Our Last Day on the Great Divide

Yesterday we made two more crossings of the divide, then a long descent down nearly 2000 feet into Helena.

Helena started as a gold rush town in the 1860’s. Instead of becoming a ghost town when the boom ended, it became a regional centre and a state capital as the mining of gold gave way to the mining of hard-rock quartz lodes.

We found a motel and had a quiet evening. My body was aching. I lay on my bed for a long while, going over our ride in my mind.

Throughout this trip I had pictured the two of us in a long shot, two small figures in the middle distance, making their way up a long sandy incline with dark woods on either side.

Woods where your footfall is the only sound in a directionless space.

As Jamie said one evening, a man on a bicycle in a wilderness has to pay good attention both to his body and its companion machine.

I was never caught by the drama of the gold-rush. Nor apparently was Jamie, as I found on our rather cursory visit to the town museum.

In fact Jamie seemed preoccupied. He had made some long phone calls in the evening.

He said over dinner: “I am glad you are in good shape.”

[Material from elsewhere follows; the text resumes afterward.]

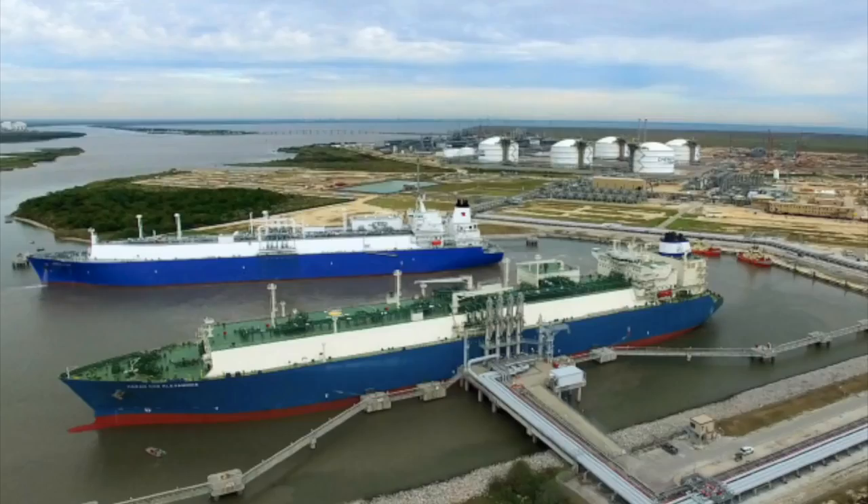Chenier Energy is an LNG producer building a lot of platforms to sell liquefied gas from the United States across the world. Klarman is bullish on it — he sees that over the next 10 years the demand for liquefied gas will be big across the world, especially from emerging markets, and that Chenier will do well.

Last night was the night of the supermoon. I  stood outside my room on the walkway at about 3am and watched for 20 minutes.

It was as if the yard of the motel had been floodlit with a soft, cold, white light.

Others were watching too, talking softly, down the walkway.

The news was telling us that the outbreak of the ebola virus in Africa is more serious than they had realised. Over 1000 people have now died.

Later this morning we will pickup a rental car, remove the bicycle wheels, stow the bikes in the trunk and drive to Whitefish, 208 miles away, a three-and-a-half hour drive.

We will stay a few more days in Whitefish  and then take an early morning flight to Los Angeles.